» Aim of the task
Please copy exactly the lines from the one containing "Scheepjes Maxi Sweet" to the end of the entries, both included, and nothing else. Omit every picture.

(Short text fragments from websites)
········
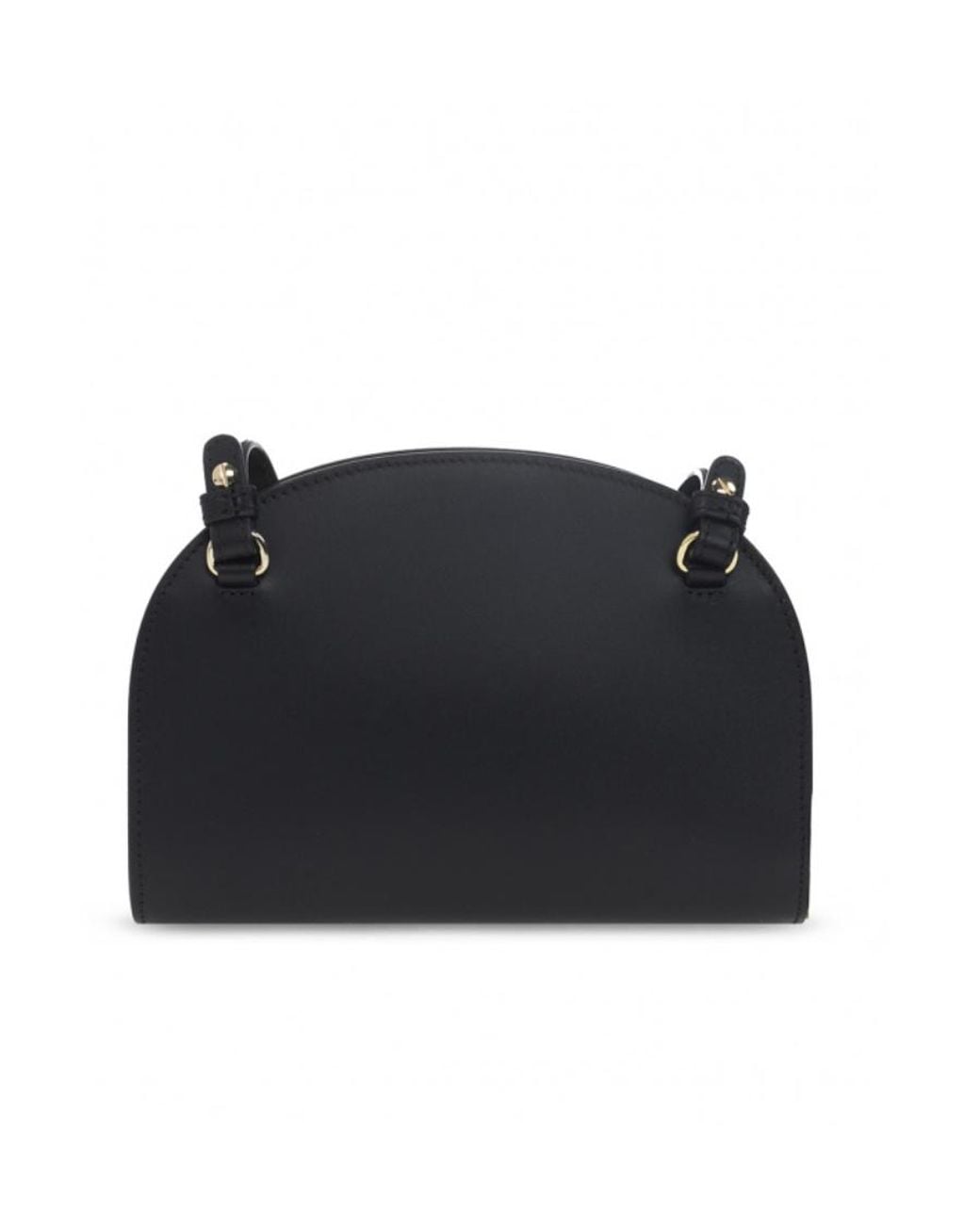A.P.C. Black Demi Lune Clutch Bag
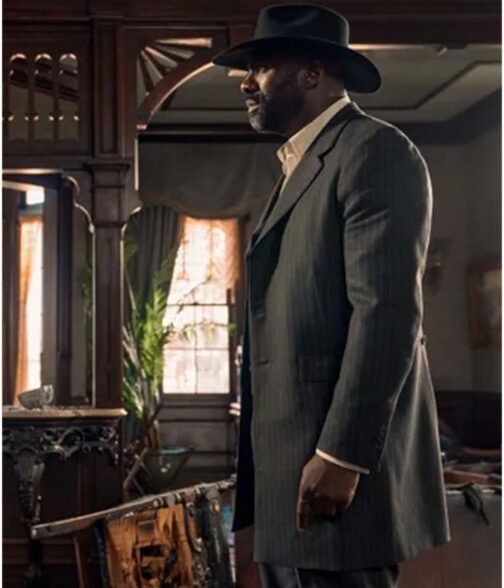 Idris Elba The Harder They Fall Lining Coat - Image 3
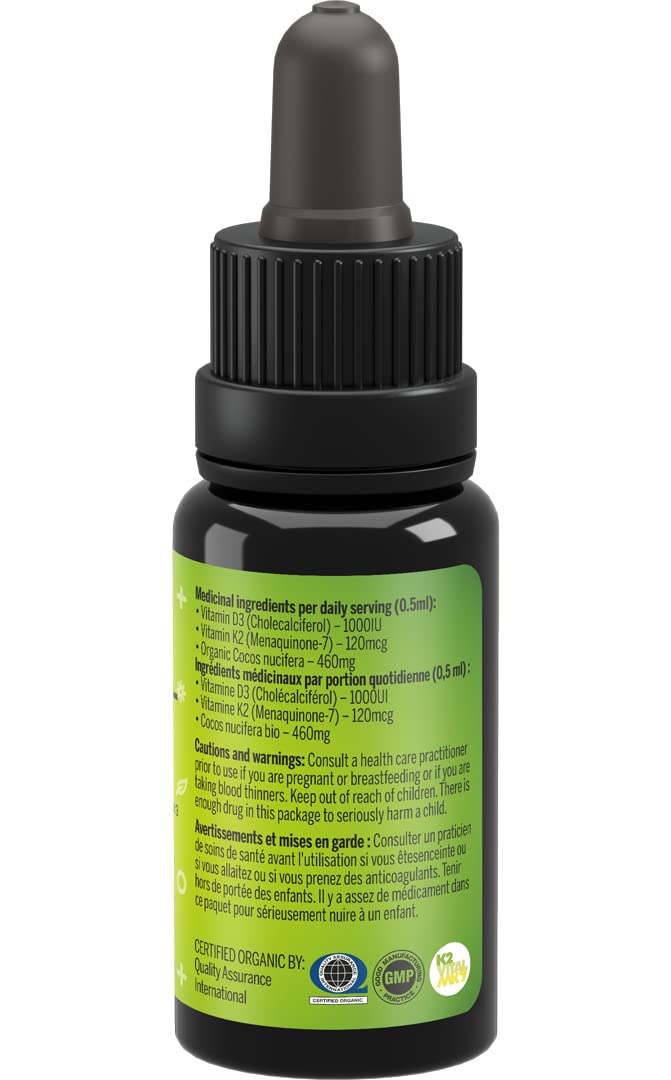 Suplemento líquido vitamina D3K2 aceite MCT ACTIVATION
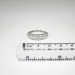 Art Deco 1930's .51ct t.w. Mixed Baguette & Single Cut Diamond Wedding Stacking Band Ring Platinum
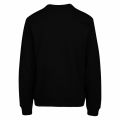 Mens Black Logo Rose Regular Fit Sweat Top 39414 by Love Moschino from Hurleys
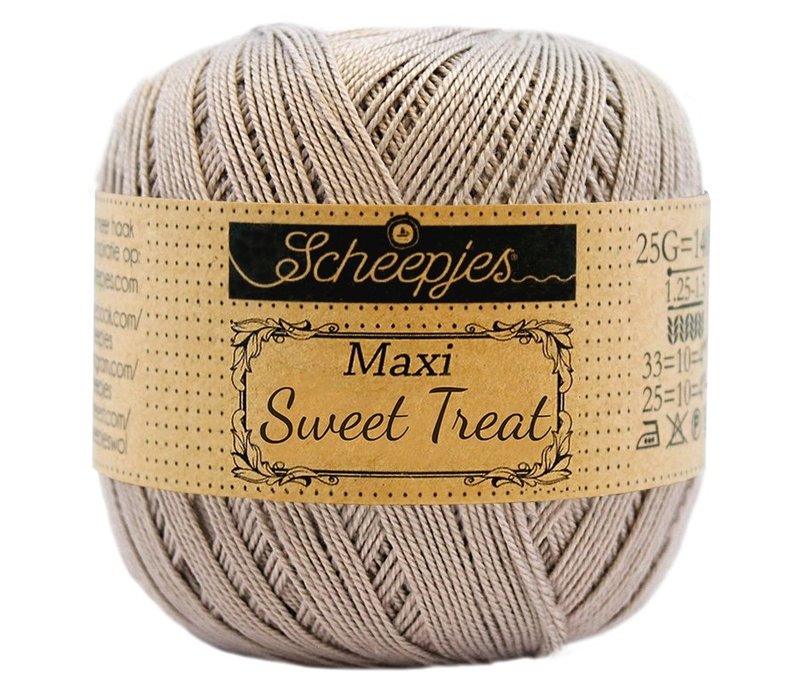 Scheepjes Maxi Sweet Treat - 406 Soft Beige - Bruin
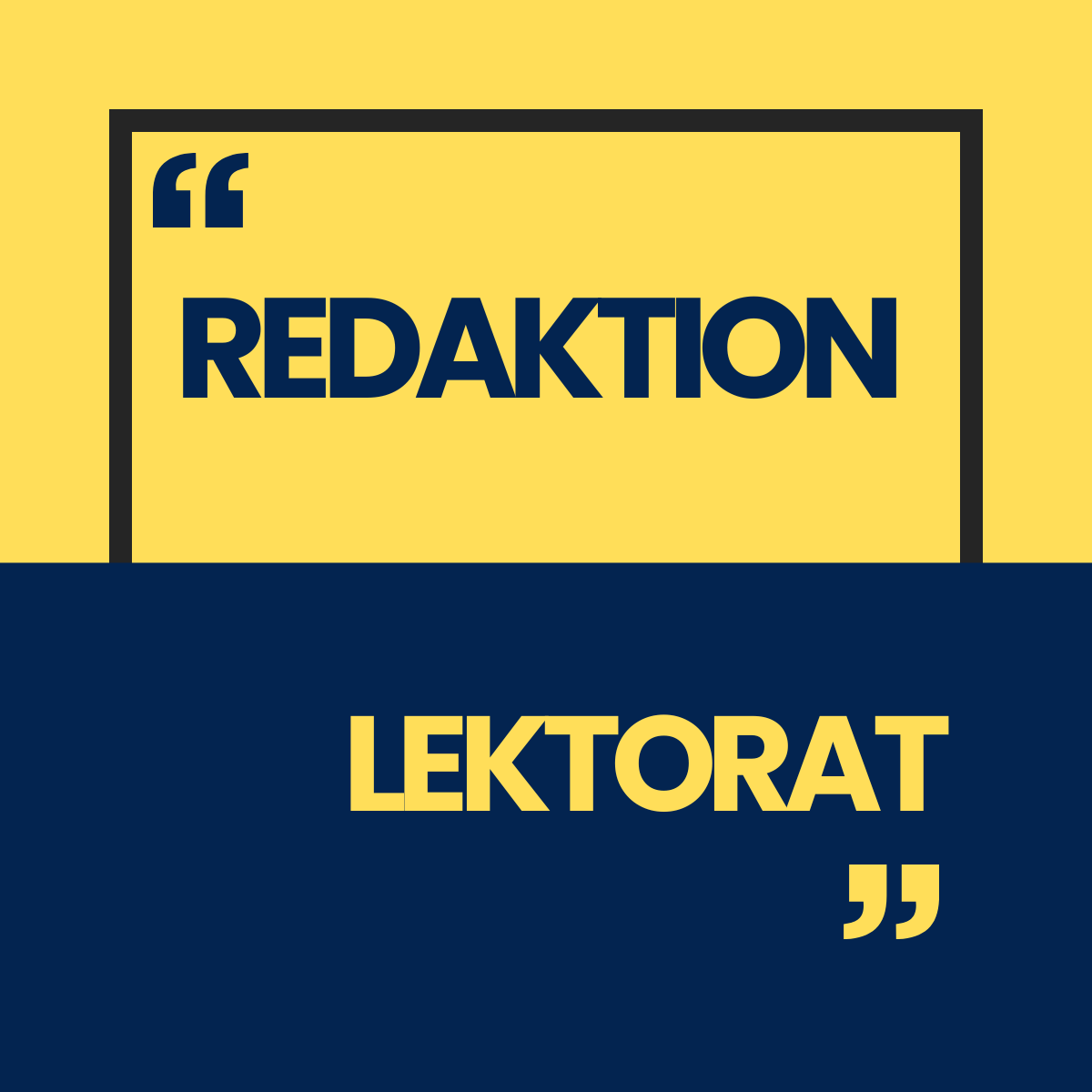 Redaktion und Lektorat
········
» Result of the exercise
 Scheepjes Maxi Sweet Treat - 406 Soft Beige - Bruin
 Redaktion und Lektorat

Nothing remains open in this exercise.